Bărbosu became age-eligible for senior competition in 2022, and made her senior debut at the City of Jesolo Trophy, where she finished fourteenth in the all-around and eighth on the uneven bars. She then competed at the Osijek World Challenge Cup, where she won the gold medal on floor exercise, and took the bronze on balance beam behind Pauline Schäfer and Ana Đerek. At the European Championships in Munich, Bărbosu finished seventh in the all-around, fourth on floor, and eighth on the balance beam. She qualified to the beam final in first place. In the floor final she scored a 13.633. Additionally, she helped Romania qualify a full team for the 2022 World Championships in Liverpool. In October Bărbosu competed at the Mersin Challenge Cup where she won gold on uneven bars, balance beam, and floor exercise. At the 2022 World Championships in Liverpool Bărbosu finished 20th in the all around final.

=== 2023 ===
Bărbosu competed at the 2023 European Championships where she helped Romania finish fifth as a team. Individually she finished ninth in the all-around and seventh on floor exercise.

At the RomGym Trophy she placed first with her team, in the all-around and on the uneven bars. She also won a silver medal on balance beam.

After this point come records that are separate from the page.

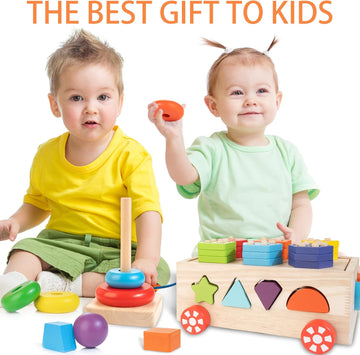 Bravmate Montessori Toys for 1 2 3 Year Old, Wooden Shape Sorter Stacking Rings Baby Toys 12-18 Months, Preschool Educational Learning Color Toddler toys, 1 Year Old Boys Girls Birthday Toy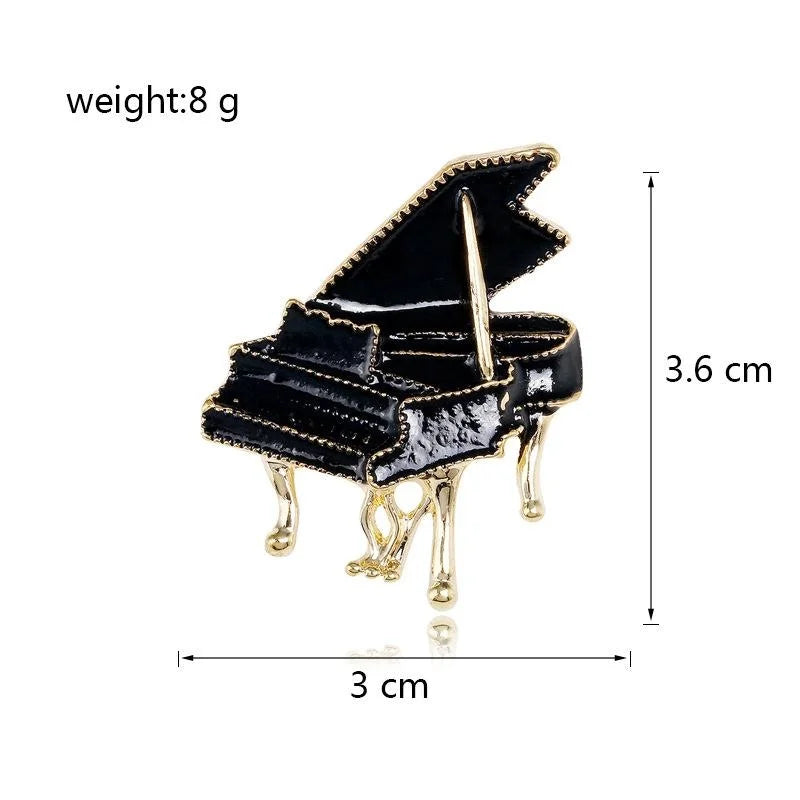 Elegant Black Enamel Grand Piano Brooch, Gold Tone Alloy Musical Instrument Lapel Pin Suit Accessory Gift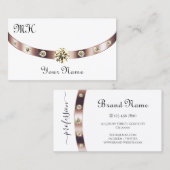 Noble White en Roos Gold met Monogram Luxueus Visitekaartje (Voorkant / Achterkant)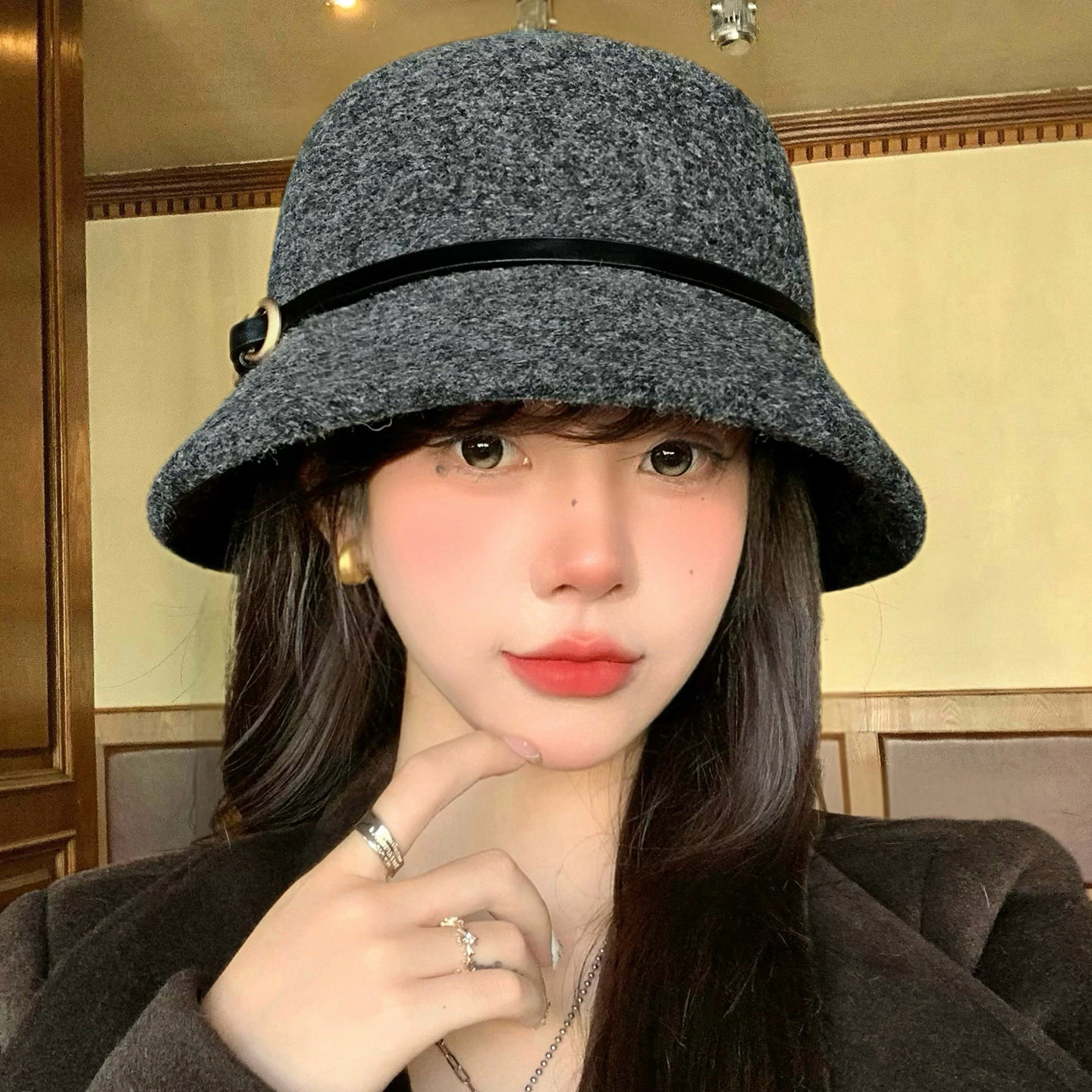 高级感灰色毛呢渔夫帽子女秋冬季复古优雅显脸小圆顶礼帽宽檐盆帽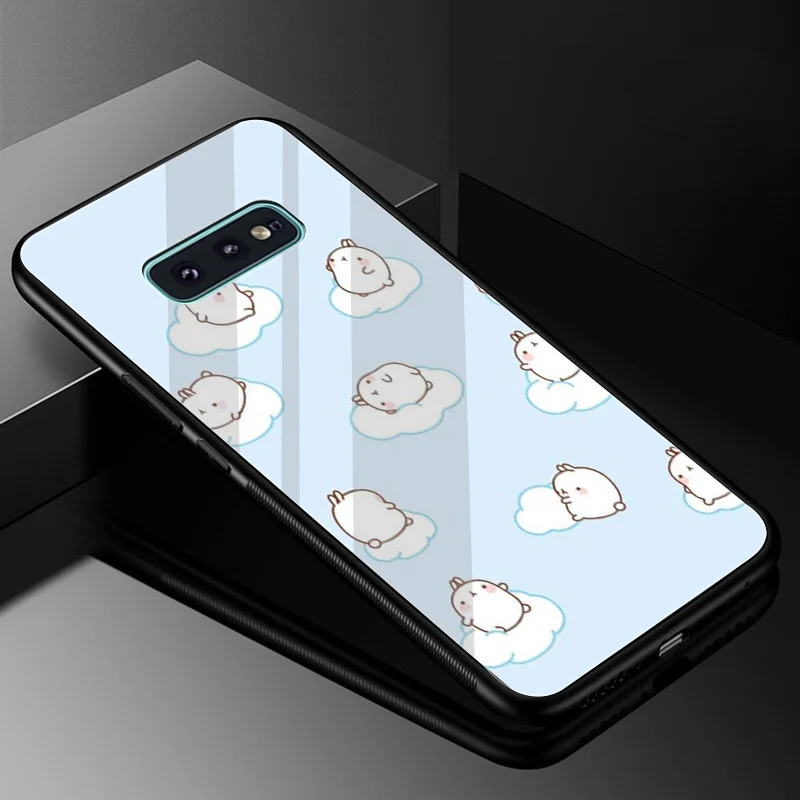 Cutest Kawaii Box Potatoes Rabbits Molang Case Glass for Samsung S7 Edge S8 S9 Plus Note 8 9 10 S10 A10 A20 A30 A40 A50 A60 A70 |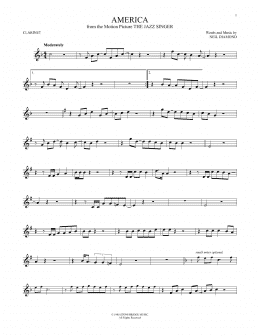 page one of America (Clarinet Solo)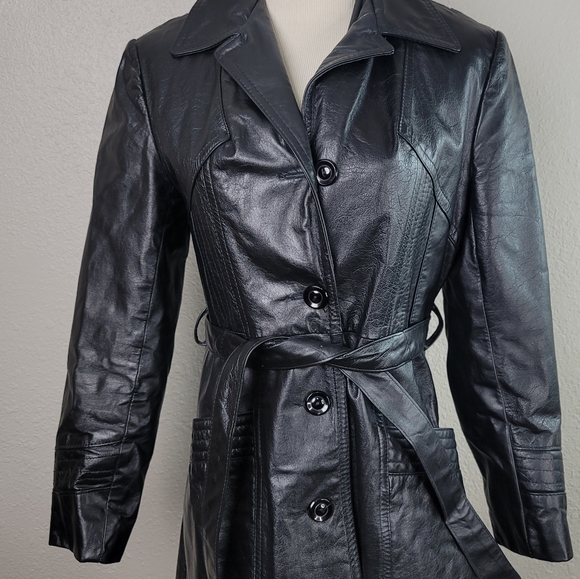 70s Bermans Black Leather Trench Coat with Pockets & Belt Size S - Picture 3 of 10
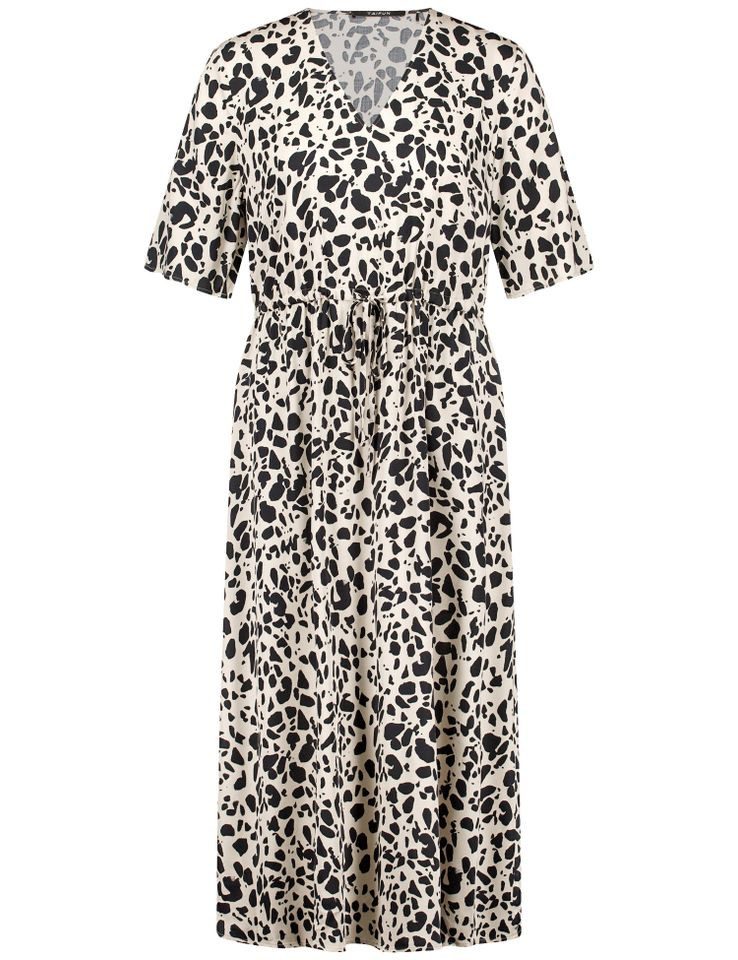 Midikleid – Kleid mit 3/4-Ärmeln, V-Ausschnitt und Animal Print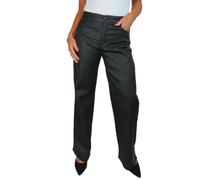 Paulo Due Womens Wide Leg Leather Look Jeans Ladies High Waist Coated Trousers with Pockets Black 10-20 (18)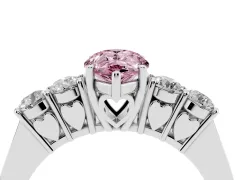 Fancy Pink Pear Cut Diamond Five-Stone Prong Set Band Ring Set in White gold with Polished Band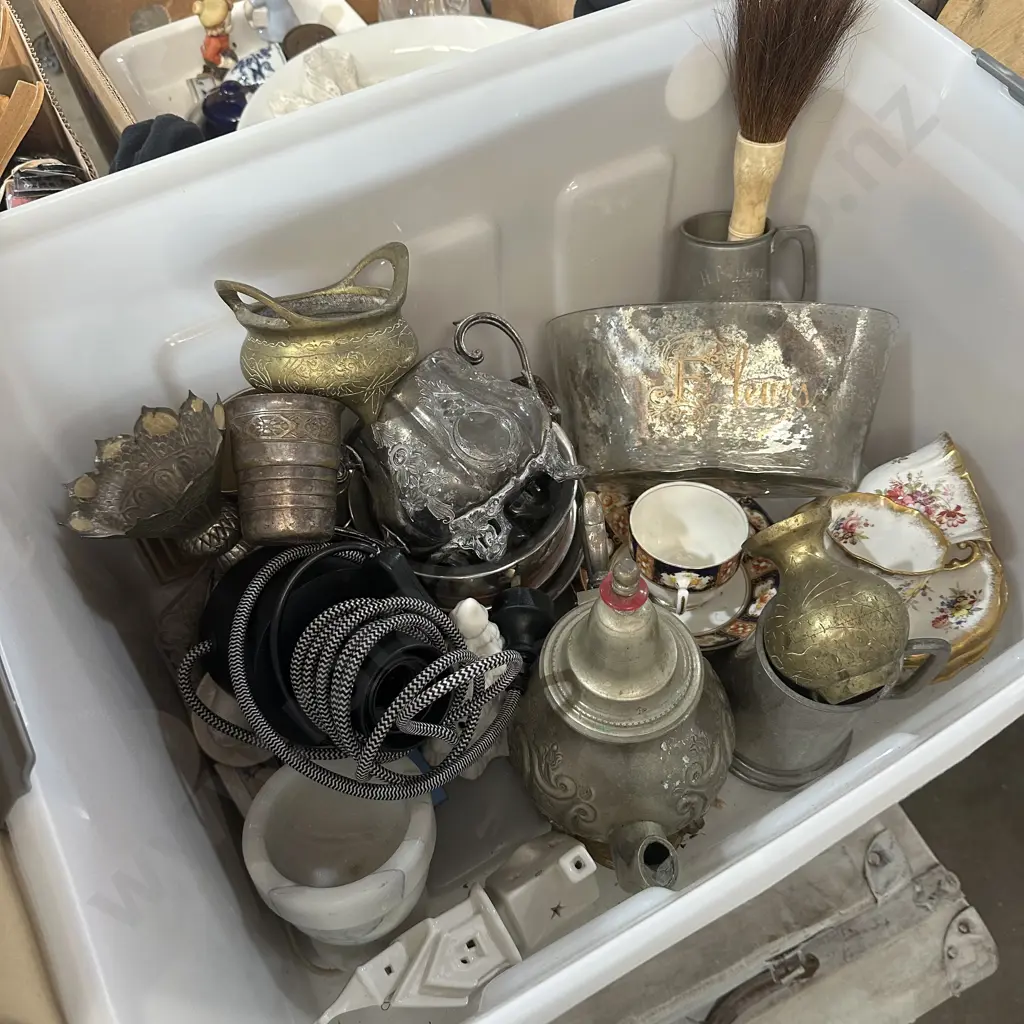 Bin of collectables including solid brass antique Chinese  incense burner, silverware etc. Image 1++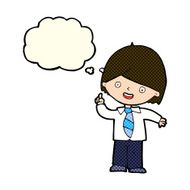 cartoon school boy answering question with thought bubble N22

Later in the year, Bărbosu won her second Romanian national title in the all-around as well as a gold medal on the uneven bars and a fourth-place finish on the balance beam.

She finished the year at the 2023 World Championships alongside Lilia Cosman, Amalia Ghigoarță, Sabrina Voinea, and Andreea Preda. During qualifications they finished tenth. Although they did not qualify for the team final, they qualified a team to the 2024 Olympic Games, a feat last achieved in 2012. Individually Bărbosu qualified to the all-around final where she finished twenty-third.

=== 2024 ===
In April, Bărbosu competed at the 2024 European Championships where the Romanian team finished fourth. Individually she placed fourth on vault.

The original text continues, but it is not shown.